Throwing out draws to calculate Elo

hgm · Post by **hgm** » Sun Jul 05, 2020 9:58 pm

Dann Corbit wrote: ↑Sun Jul 05, 2020 9:05 pm The Elo calculation said that the same engine had the same Elo all the way down to the last decimal digit. This is, in fact, the right answer.

No, it is an approximate, and therefore wrong answer. And useless ifor determining which is best of the difference is less than the rounding error.

Now, the fractional part is still in question even after half a million trials. But that does not matter, because Elo is (wisely) reported as an integer.
So, the Elo difference of zero is exactly correct for every single measurement. The hypothesis is confirmed. An engine is not stronger than itself.

And now apply that 'wisdom' to an 'engine' where you set the winning threshold at 0.500001. Or 0.500000001. Now it will also (after rounding) say they are exactly equal. Which they were not. So the Elo answer is wrong. For the single case for which you artificially forced it to be right, it is now wrong for an infinity of other cases. You succeeded in making Elo calculations unsuitable for engines that are different. "Only to be used when beforehand you are absolutely sure the engines are the same, otherwise you will get wrong answers." Congratulations!

Why not report all ratings in kilo-Elo, and round? Wouldn't that save an awful lot of test games? Have you already suggested it to the Stockfish developers?

I think maybe it is a good time to retire the discussion. I think LOS is a bad and misleading statistic, and you think it is a fine and accurate statistic.
I even agree with some possible sets of data, it might return a pretty good answer. But even in those places, Elo would return a better answer (IMO).

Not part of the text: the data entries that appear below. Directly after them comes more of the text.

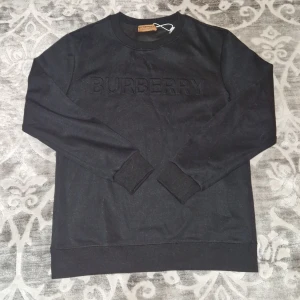 Svart sweatshirt från Burberry - Svart sweatshirt från Burberry med broderad logga framtill. Tröjan har rund hals, ribbade muddar och är tillverkad i mjuk bomull. Perfekt för dig som gillar stilrena och klassiska plagg med exklusiv känsla.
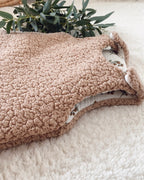 Détail du sherpa chocolat de cette gigoteuse bébé hiver 0/6 mois, avec sa texture douce, moelleuse et chaleureuse. On aperçoit également la double gaze de coton blanc cassé imprimée de motifs végétaux naturels, ainsi que les finitions délicates de la turbulette. Cette création artisanale TOG 2 est conçue pour envelopper bébé dans un cocon confortable pendant les nuits fraîches. Une pièce intemporelle, douce et poétique, idéale pour une naissance en automne ou en hiver. Une création pour bébé. Ninona
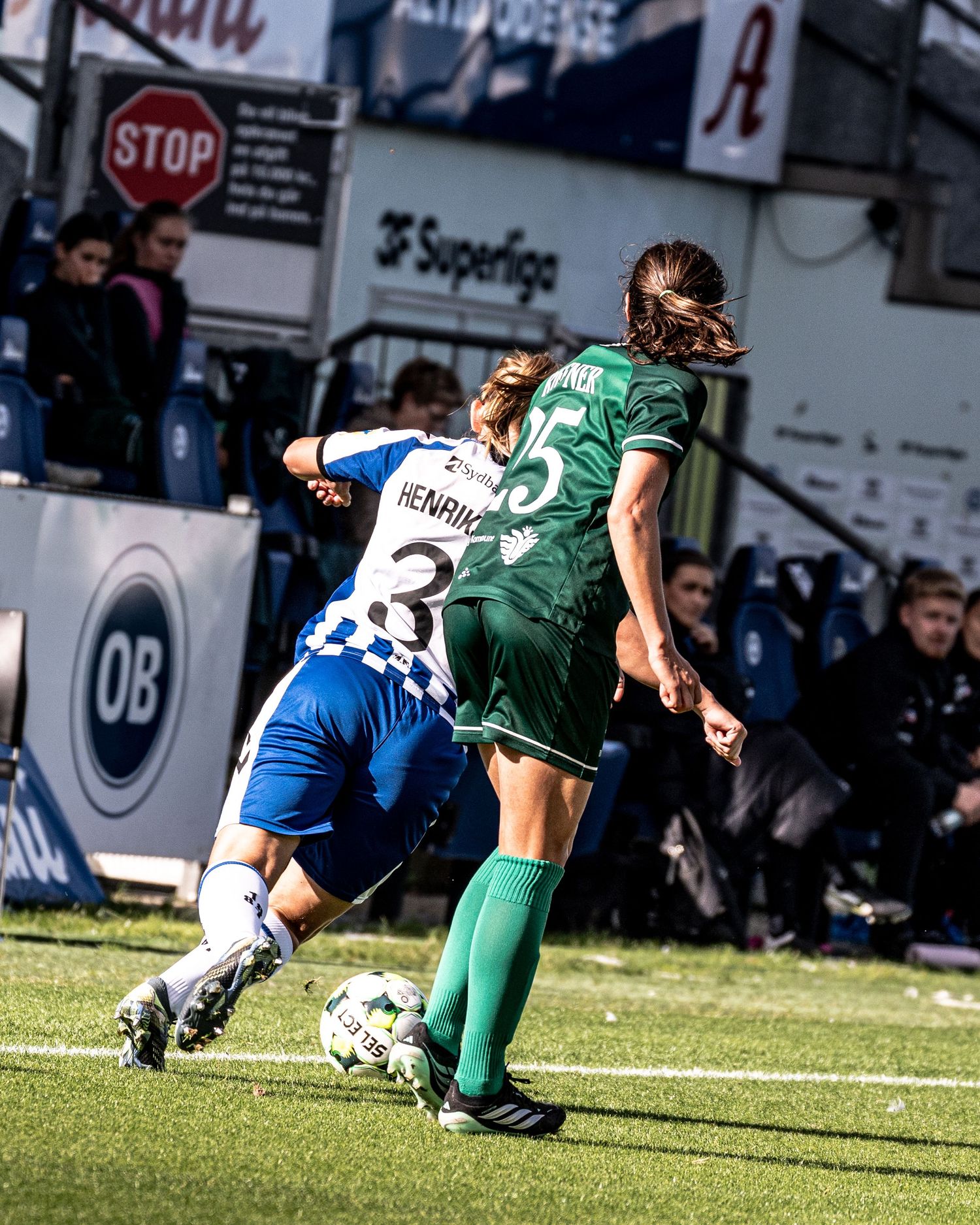 Female soccer players battle for the ball during a competitive women's football match at OB stadium.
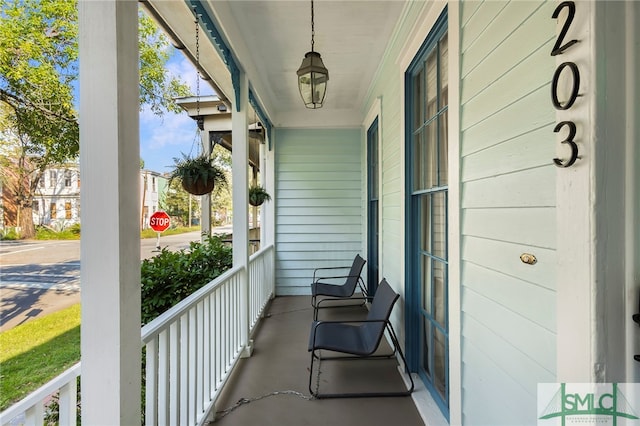 balcony featuring a porch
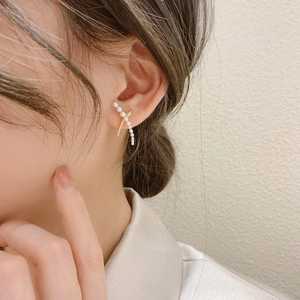 Detailed view of pearl earrings in an X-shaped cross design worn on a model ear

I actually feel very badly about the somewhat acrimonious nature of the debate. That is because I consider hgm (for his work on Winboard) and Ronald (for his work on Syzygy tablebase files and Cfish and other things) to be true heroes of computer chess. I think, as Wesley said, "we are at an impasse" and so future debate will prove equally fruitless.

It is as fruitless as you want it to be. You are obviously not willing to listen to reason, and keep chanting the same falsehoods no matter how often they have been refuted. So yes, discussion about this for you personally is utterly pointless.

But that doesn't matter. We discuss in public so others can learn. As long as it is glaringly obvious that literally everything you said is completely detached from any reality, as I think by now it must be 10 times over, we should feel good about it.

Dann Corbit · Post by **Dann Corbit** » Sun Jul 05, 2020 10:07 pm

Elo figures are already correctly reported with +/- Elo error bounds.
There is no need to ask the Stockfish developers to truncate anything.
However, if they are using LOS in fishtest, they should be warned that they are tuning Stockfish with a uniform PRNG (given enough games)

hgm · Post by **hgm** » Sun Jul 05, 2020 10:30 pm

Dann Corbit wrote: ↑Sun Jul 05, 2020 10:07 pm Elo figures are already correctly reported with +/- Elo error bounds.
There is no need to ask the Stockfish developers to truncate anything.
However, if they are using LOS in fishtest, they should be warned that they are tuning Stockfish with a uniform PRNG (given enough games)

Yeah. No wonder it is so weak, with all that random tuning...

Robert Pope · Post by **Robert Pope** » Mon Jul 06, 2020 1:26 am

Dann Corbit wrote: ↑Sun Jul 05, 2020 10:07 pm Elo figures are already correctly reported with +/- Elo error bounds.
There is no need to ask the Stockfish developers to truncate anything.
However, if they are using LOS in fishtest, they should be warned that they are tuning Stockfish with a uniform PRNG (given enough games)

It's only a uniform generator if the two engines are indeed of equal strength, right? In which case, it doesn't matter which engine is promoted. If one engine is indeed stronger than the other, LOS won't be random uniform, but in favor of the stronger engine.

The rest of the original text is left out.